In another blow to HIV vaccine development, a study published in the journal AIDS reports that a therapeutic vaccine given to people already living with HIV actually increased viral loads and reduced time off treatment - the opposite of what had been hoped. Higher doses of the vaccine - ALVAC 1452 - produced worse effects.
These results are especially puzzling and disappointing as studies with a similar therapeutic vaccine, sometimes combined with the immune booster interleukin-2, have had the opposite effect. In a study by the French vaccine pioneer Yves Levy, for instance, the viral load in subjects given the similar ALVAC 1433 vaccine ended up ten times lower than in subjects given placebo, and subsequent time off antiretroviral therapy (ART) was increased by 40% - see this report.

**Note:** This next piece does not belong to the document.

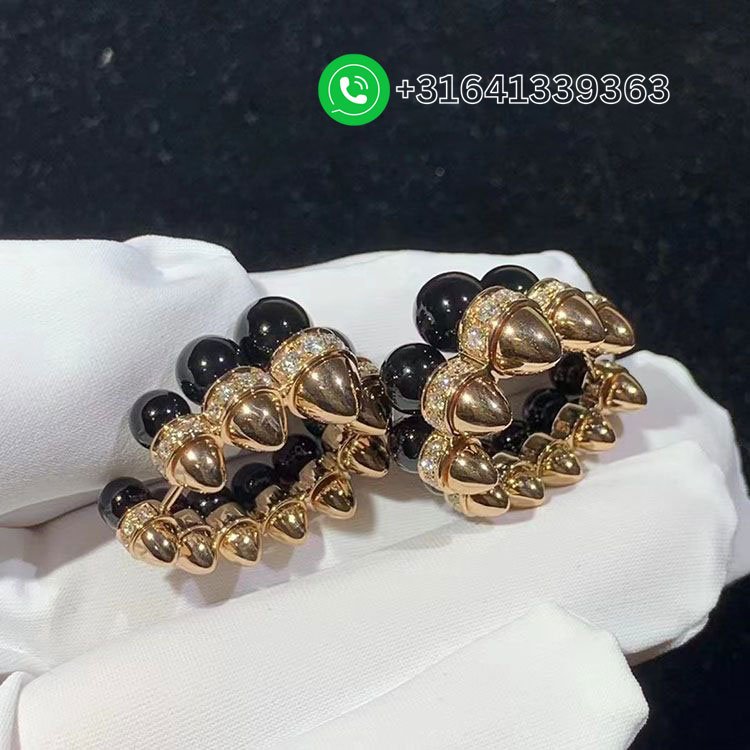 Cartier 18K Rose Gold Clash de Cartier Diamonds and Onyx Earrings N8515235 - Image 6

The authors of the current study say their results may be down to bad luck; a post-hoc analysis, for instance, found a higher proportion of “slow progressors” in the placebo group and of “fast progressors” in the vaccine group. But other initial analyses suggest that instead of stimulating lots of anti-HIV CD8 cells, which would kill HIV-infected cells, the vaccine mainly stimulated the formation of HIV-specific CD4 cells – which would only serve as targets for more HIV replication.

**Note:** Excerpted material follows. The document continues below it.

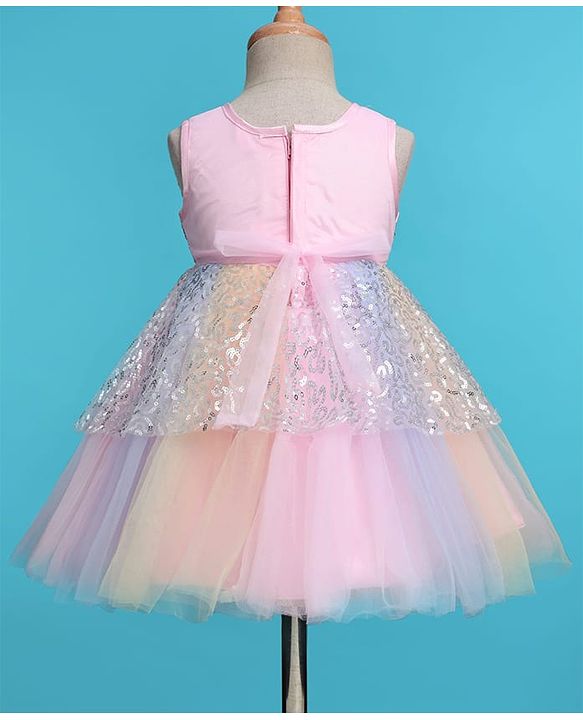 Babyhug Woven Sleeveless Sequinned Layered Dress With Bow Applique - Pink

Whatever the reasons for this result, the authors compare it, in terms of significance, with the failure of the Merck ad5 preventative vaccine in the STEP study. Furthermore, ALVAC 1452 used a different vector – the shell of an inactive virus containing HIV proteins – from the Merck vaccine, which means that the failure of the latter may not be due to its vector.
The ALVAC 1452 vaccine consists of five pieces of HIV protein taken from the gp41, p55, protease, reverse transcriptase and nef components of HIV, wrapped inside the shell of a non-disease-causing canarypox virus.

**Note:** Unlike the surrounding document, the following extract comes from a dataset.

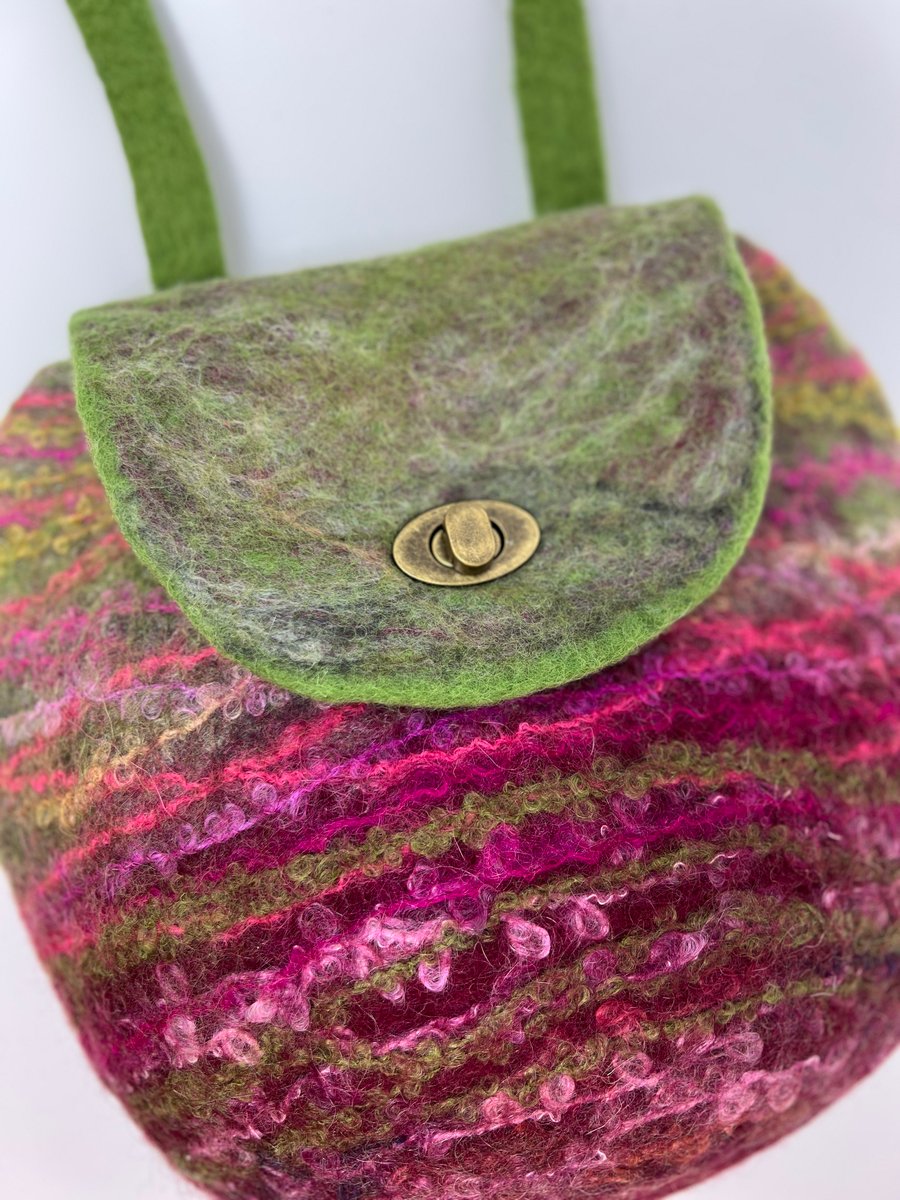 Green and Pink Felt Backpack, Shoulder Bag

In the study, 22 patients with CD4 counts of over 350 cells/mm3 were given four doses of ALVAC 1452 at weeks zero, four, eight and 20. A further 22 individuals were given three doses at weeks four, eight and 20. An additional 22 patients were provided with a placebo - eleven were given four doses, and eleven were given three doses.
Four weeks after the last dose of vaccine, 56 of the 66 patients stopped antiretroviral therapy (the other ten chose to stay on it). HIV treatment was then resumed if a patient’s CD4 count fell below 250 cells/mm3 or 50% below baseline, or if the viral load rose above 50,000 copies/ml. Subjects were followed until week 96 by which time 90% of those given four vaccinations were back on anti-HIV drugs, as were 71% of those given three doses. This compared to 59% of those given the placebo.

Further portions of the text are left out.